(Excerpted records Opens)
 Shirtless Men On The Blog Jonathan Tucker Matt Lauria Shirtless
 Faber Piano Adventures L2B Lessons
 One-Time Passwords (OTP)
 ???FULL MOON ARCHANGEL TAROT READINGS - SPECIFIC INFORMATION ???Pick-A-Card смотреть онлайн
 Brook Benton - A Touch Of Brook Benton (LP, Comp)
(Excerpted records Closes)
(Excerpted records Opens)
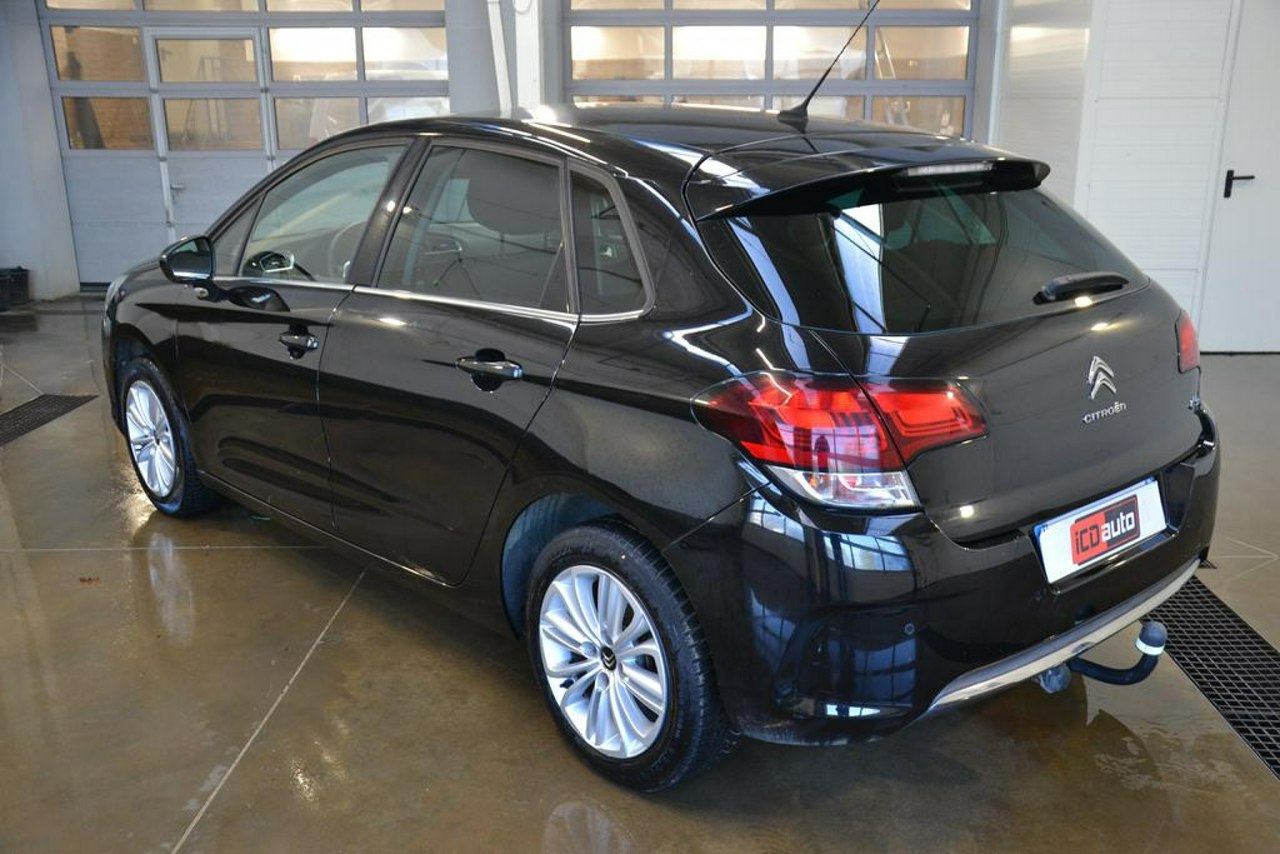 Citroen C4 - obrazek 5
(Excerpted records Closes)
:: What is expected ::
The reply should hold only the lines of the listing above starting at the line containing "Faber Piano Adventures L2B Lessons" and ending at the line containing "Brook Benton - A", exactly as written.

:: Reply to the exercise ::
 Faber Piano Adventures L2B Lessons
 One-Time Passwords (OTP)
 ???FULL MOON ARCHANGEL TAROT READINGS - SPECIFIC INFORMATION ???Pick-A-Card смотреть онлайн
 Brook Benton - A Touch Of Brook Benton (LP, Comp)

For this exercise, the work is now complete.